- _WHAT NEEDS TO BE DONE_
The entries below are to be repeated exactly, and their pictures left out.

- _GIVEN RECORDS_

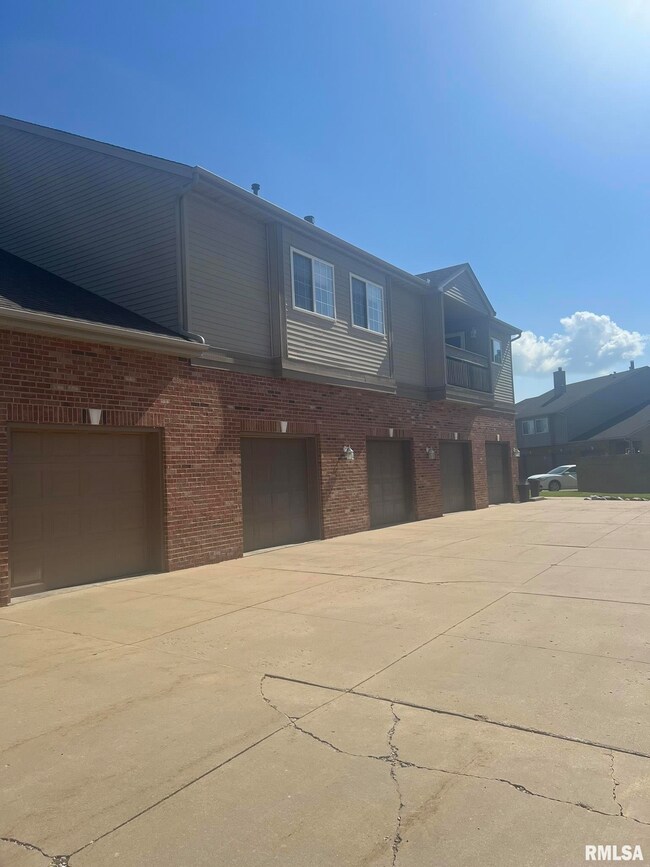 4524 N Thornhill Dr, Peoria, IL 61615 - photo 3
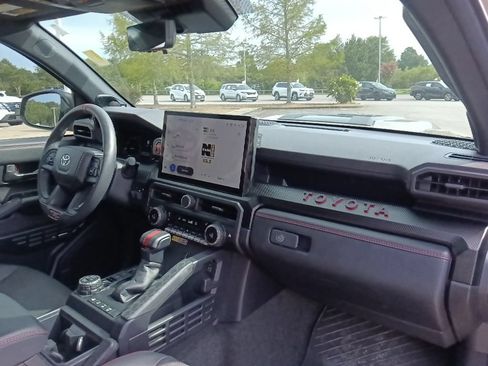 Used 2025 Toyota 4Runner TRD Pro AWD/4WD image 34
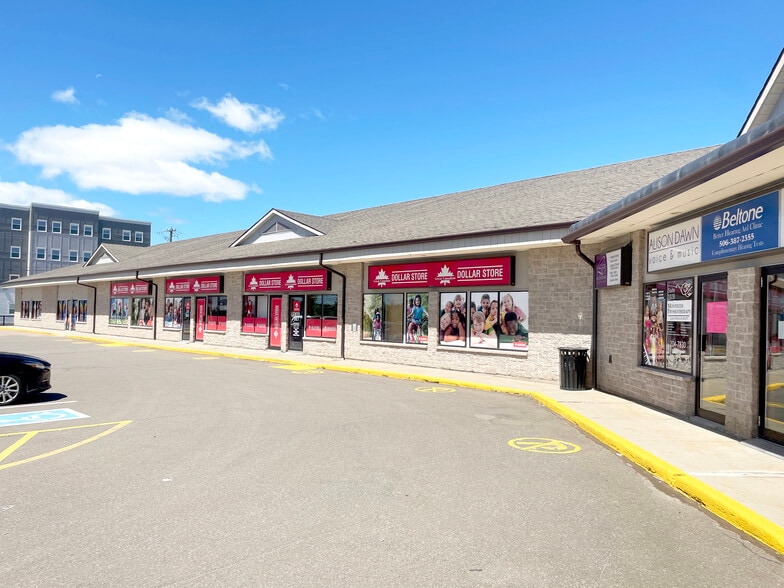 630 Pinewood Rd, Riverview, NB for lease - Building Photo - Image 3 of 6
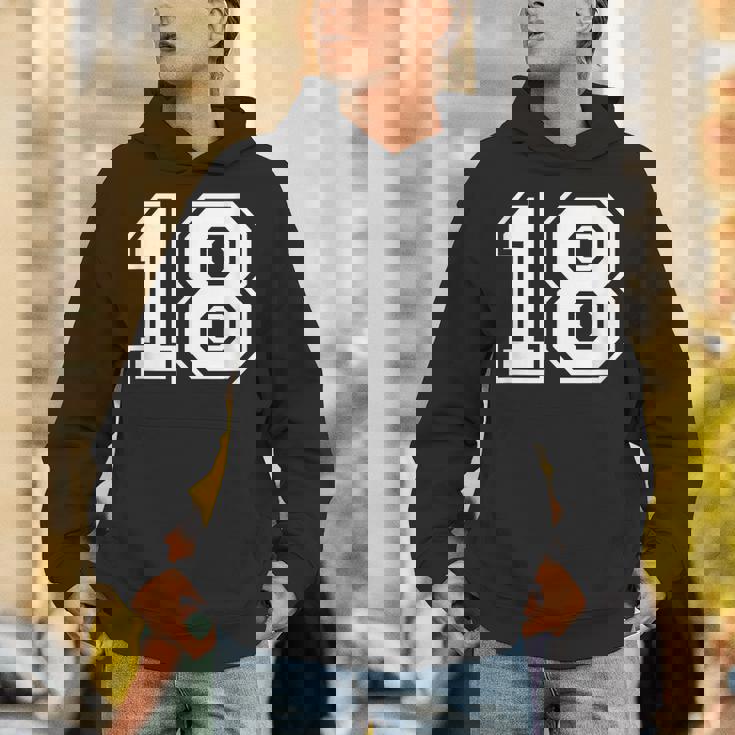 ナンバー18 シャツ パーカー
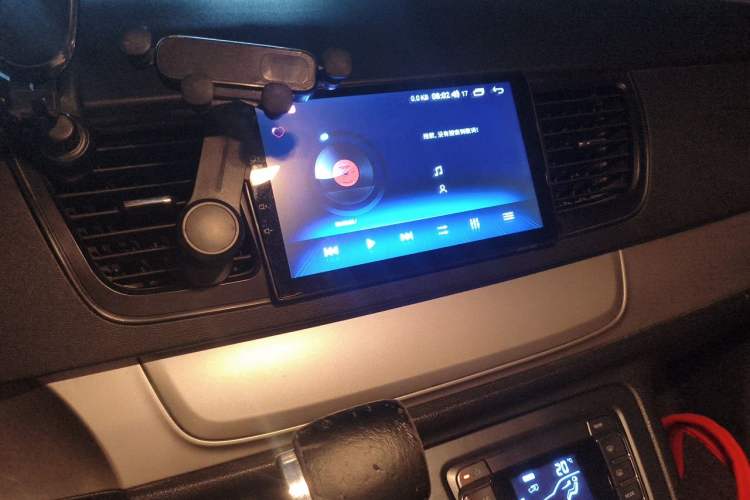 Used SAIC MAXUS G10 2019 Facelift PLUS 2.0T Automatic Smart Edition China VI Standard Audio And AC Panel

- _RESPONSE_
 4524 N Thornhill Dr, Peoria, IL 61615 - photo 3
 Used 2025 Toyota 4Runner TRD Pro AWD/4WD image 34
 630 Pinewood Rd, Riverview, NB for lease - Building Photo - Image 3 of 6
 ナンバー18 シャツ パーカー
 Used SAIC MAXUS G10 2019 Facelift PLUS 2.0T Automatic Smart Edition China VI Standard Audio And AC Panel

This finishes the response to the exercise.